Monday, November 27, 2006

Rebel chief vows Sri Lankan Tamils will have own state

By Gandi Douglas,
WNS Sri Lanka Correspondent

COLOMBO - The Tamil people of Sri Lanka have no choice but to have their own independent state, rebel chief Velupillai Prabhakaran declared, effectively ending the island's peace process. In his annual policy speech from a secret hideout, the Tamil Tiger leader accused the Colombo government of waging military and economic war against 2.5 million Tamils and that they were left "with no other option but an independent state." The declaration went back on a 2002 pledge to accept a federal solution under which the Tamils would enjoy broad autonomy. That commitment had opened the way for a ceasefire and Norwegian-brokered peace talks which collapsed in Geneva last month. However, President Mahinda Rajapakse, "by openly advocating attacks on our positions, has effectively buried the CFA (Ceasefire Agreement)," the head of the Liberation Tigers of Tamil Eelam (LTTE) charged. "Our people are subjected to unprecedented assaults.

Arrests, imprisonment, and torture, rape and sexual harassment, murders, disappearance, shelling, aerial bombing, and military offensives are continuing unchecked," he said. Prabhakaran stopped short of declaring independence, but made it clear the peace process with the Sinhalese nationalist-led government was over. "It is now crystal clear that the Sinhala leaders will never put forward a just resolution to the Tamil national question," he said. "Therefore, we are not prepared to place our trust in the impossible and walk along the same old futile path."

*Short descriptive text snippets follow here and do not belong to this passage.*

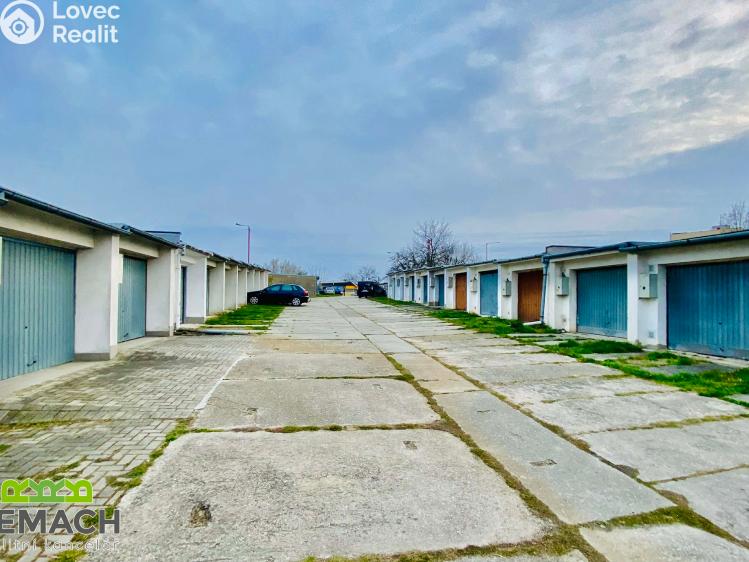 Prodej garáže Staré Město, Kopánky č. 1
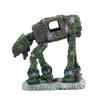 Micro-landscape Robot Dog Aquarium Tank High Imitation Machine Dog Ornament  for Aquarium Decor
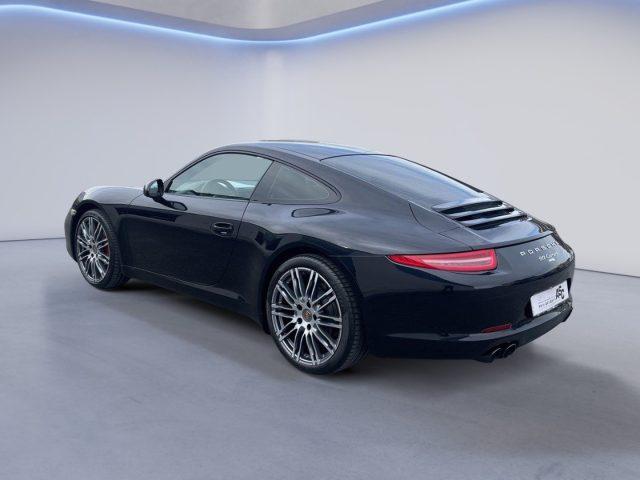 PORSCHE 911 3.4 Carrera Coupé 350 CV BOOK TAGLIANDI PORSCHE
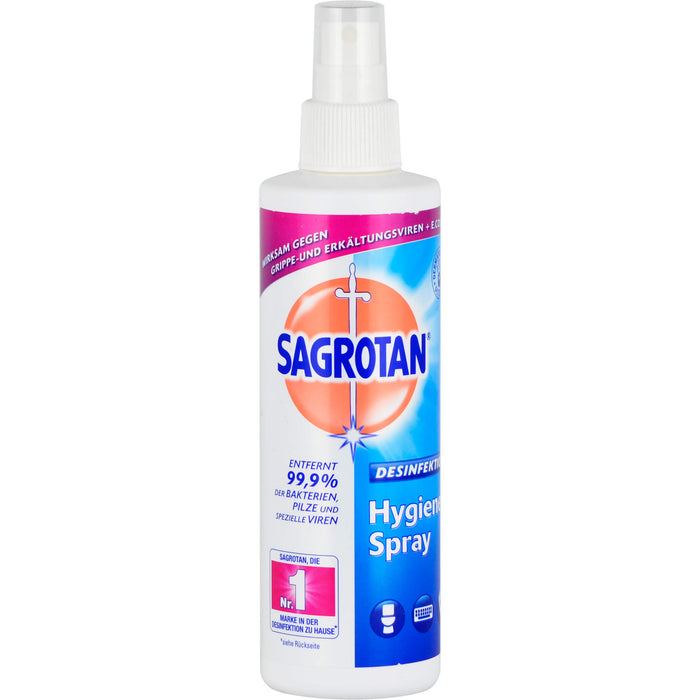 SAGROTAN Desinfektion Hygiene-Spray, 500 ml Lösung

In his November 2005 speech, Prabhakaran gave the government one year to come up with a political solution to Asia's longest-running ethnic conflict or face an escalation in the fighting. "He rejected our final call ... Instead, he (Rajapakse) intensified the war," while talking about peace, the LTTE chief said on Monday in a speech broadcast by Voice of Tamil radio from rebel-held territory in the north. "This dual war and peace approach is fundamentally flawed. It is not possible to find a resolution by marginalising and destroying the freedom movement." The policy speech was keenly-awaited by Sri Lankan leaders as well as foreign capitals after last year's deadline and an upsurge in violence that has killed more than 3,400 people in 2006.